Schusteriana is not used in Brazil. The color form is roxo violeta or roxo bispo based on the tonation of the red modifier in the lip.


----------



## tomp (Jun 11, 2021)

DrLeslieEe said:


> Schusteriana is not used in Brazil. The color form is roxo violeta or roxo bispo based on the tonation of the red modifier in the lip.


Here is a Roxo Bispo form with a label Schustteriana. In my humble opinion What it lacks in shape is made up in color.


----------



## monocotman (Jun 11, 2021)

lovely! It’s on my wish list,
David


----------



## DrLeslieEe (Jun 11, 2021)

tomp said:


> Here is a Roxo Bispo form with a label Schustteriana. In my humble opinion What it lacks in shape is made up in color. View attachment 28336


Tom, that is a nice color indeed… but it is a roxo violeta form. Bispo is more pink red, like a very dark carnea.


----------



## tomp (Jun 11, 2021)

DrLeslieEe said:


> Tom, that is a nice color indeed… but it is a roxo violeta form. Bispo is more pink red, like a very dark carnea.

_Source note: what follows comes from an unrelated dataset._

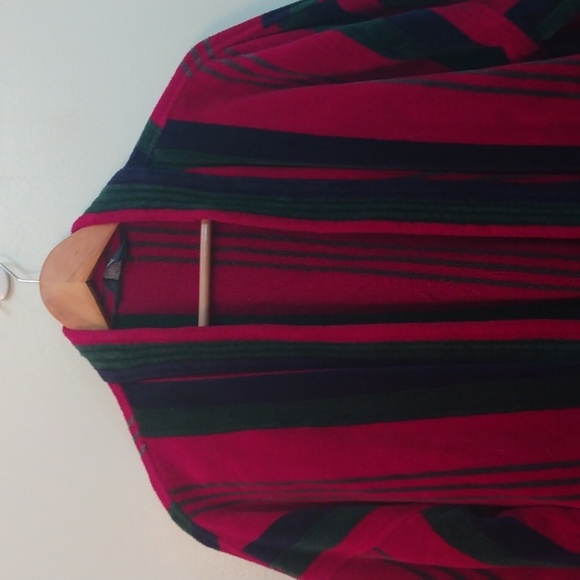 Christopher Hayes 100% Cotton Terry Cloth Robe (Made in Brazil) * Large - Picture 9 of 15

Leslie, that’s what I thought also and knew I would hear about it as soon as I hit send. ))


----------



## DrLeslieEe (Jun 11, 2021)

tomp said:


> Leslie, that’s what I thought also and knew I would hear about it as soon as I hit send. ))


Lol, how we can know each other’s mind so well. Catt guys think alike hehe.


----------